*** DATA SECTION ***

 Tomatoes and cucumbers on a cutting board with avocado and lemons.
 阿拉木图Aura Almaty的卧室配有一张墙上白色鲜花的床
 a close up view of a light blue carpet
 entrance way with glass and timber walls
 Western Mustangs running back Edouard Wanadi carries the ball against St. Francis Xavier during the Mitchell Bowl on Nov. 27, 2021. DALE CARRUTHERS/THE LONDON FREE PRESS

*** End of DATA SECTION ***
*** DATA SECTION ***

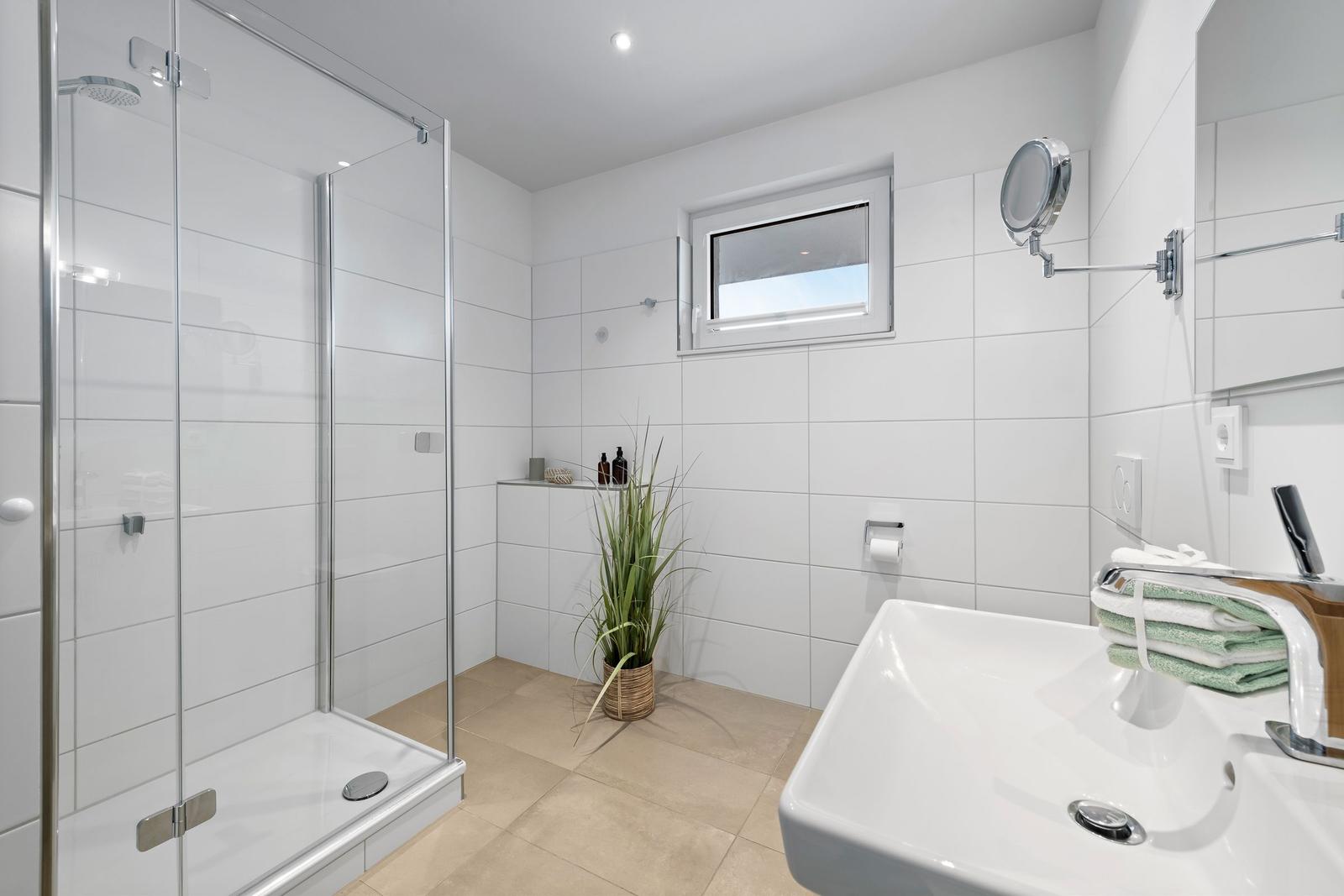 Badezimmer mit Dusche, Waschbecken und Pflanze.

*** End of DATA SECTION ***
*** DATA SECTION ***

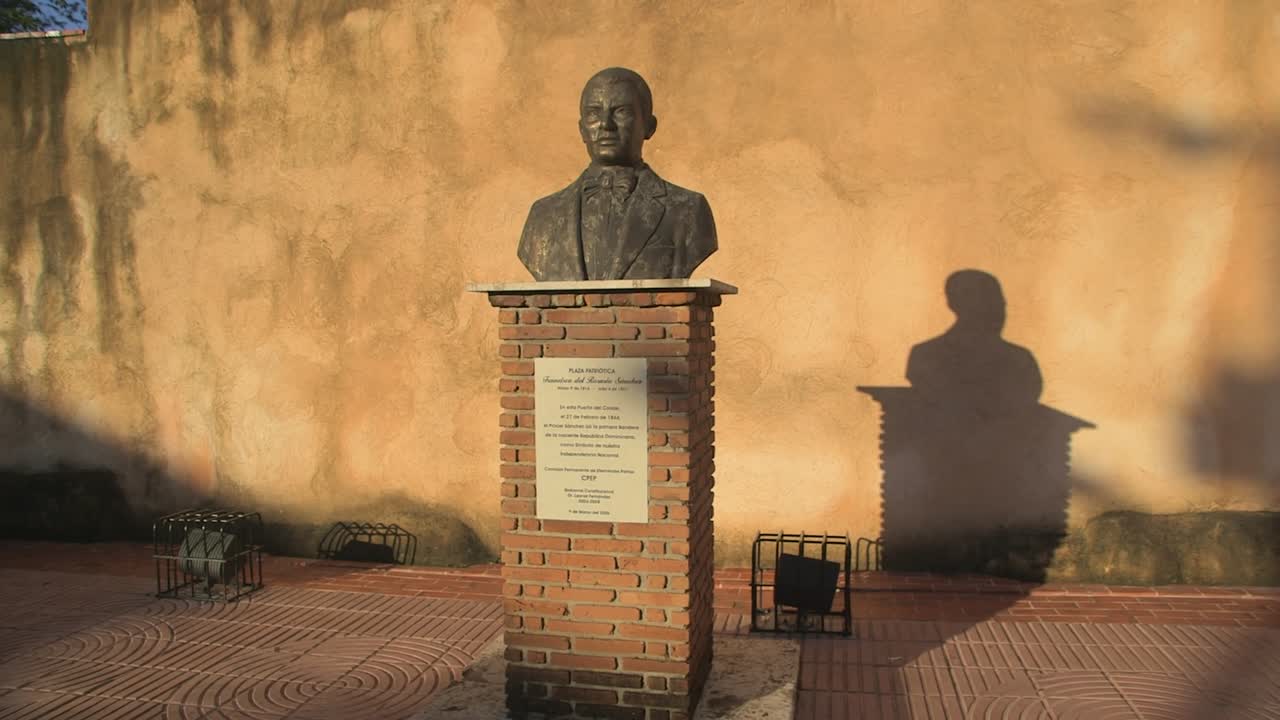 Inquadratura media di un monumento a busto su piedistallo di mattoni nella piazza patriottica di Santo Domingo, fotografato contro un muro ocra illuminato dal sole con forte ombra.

*** End of DATA SECTION ***

■ **PROBLEM REQUIREMENTS**:
Could you repeat exactly the lines above from the line with "Tomatoes and cucumbers" up to and including the line with "Western Mustangs running", and only those?

■ **REPLY TO THE EXERCISE**:
 Tomatoes and cucumbers on a cutting board with avocado and lemons.
 阿拉木图Aura Almaty的卧室配有一张墙上白色鲜花的床
 a close up view of a light blue carpet
 entrance way with glass and timber walls
 Western Mustangs running back Edouard Wanadi carries the ball against St. Francis Xavier during the Mitchell Bowl on Nov. 27, 2021. DALE CARRUTHERS/THE LONDON FREE PRESS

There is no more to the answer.